▸ **TASK PROMPT**
Everything in the listing that follows should be reproduced exactly except the pictures.

*** Opening of STORED DATA ***

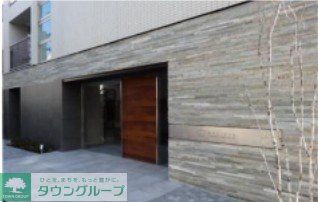 エントランス　駐車場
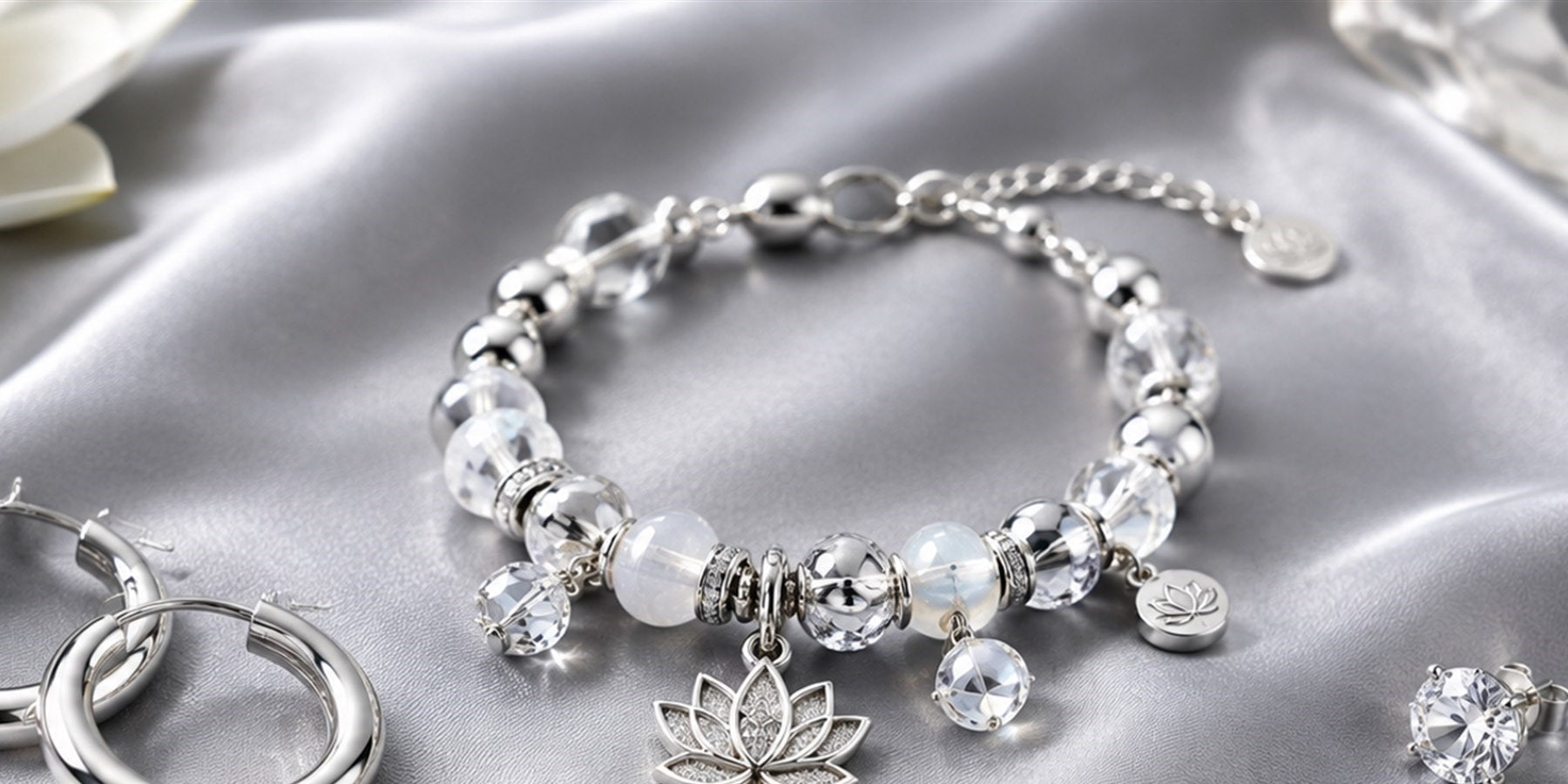 Lotus Bracelet Buying Guide 2026: Silver, Beaded & Crystal Charm Styles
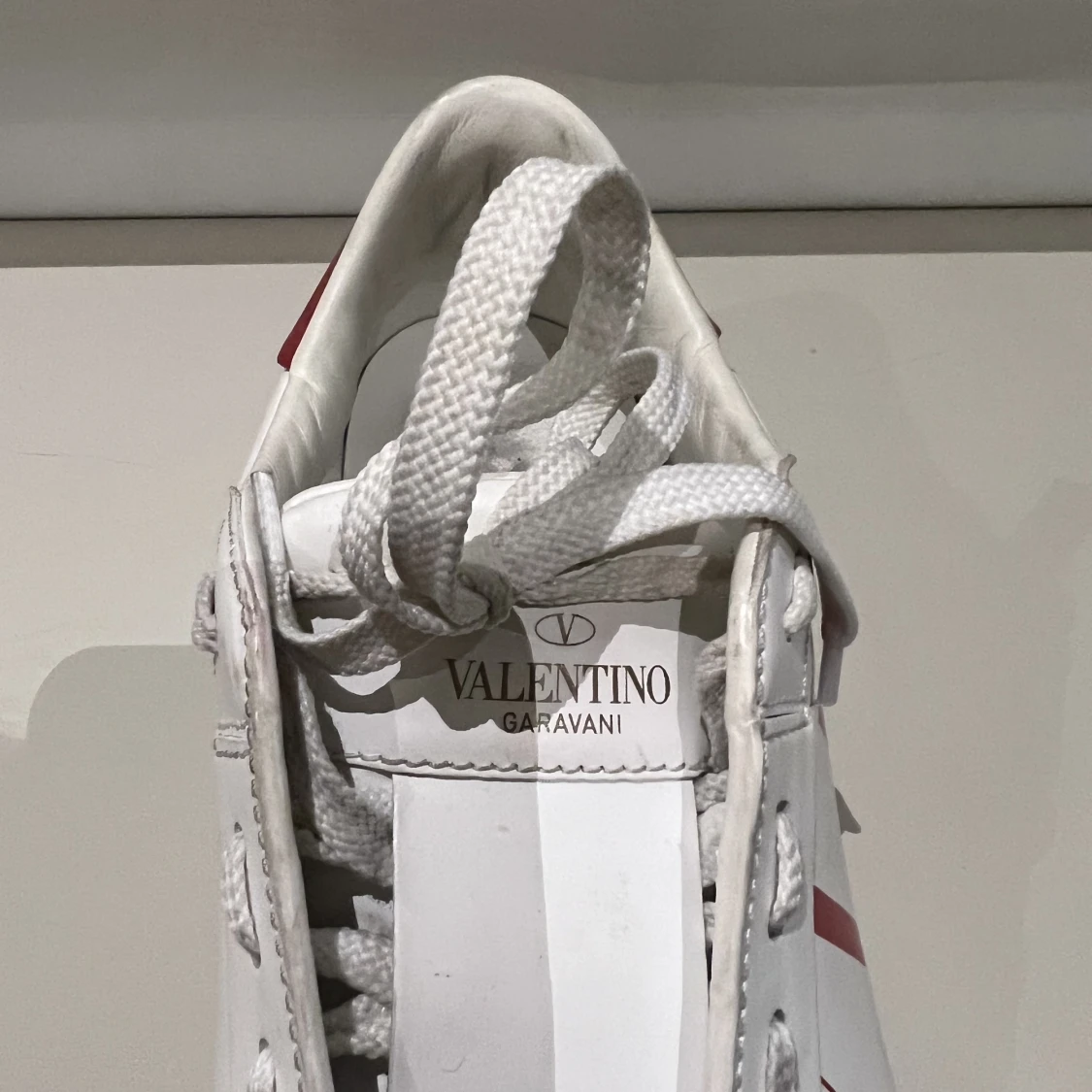 Valentino Sneakers  - 90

*** Close of STORED DATA ***

▸ **SOLUTION TO THIS PROBLEM**
 エントランス　駐車場
 Lotus Bracelet Buying Guide 2026: Silver, Beaded & Crystal Charm Styles
 Valentino Sneakers  - 90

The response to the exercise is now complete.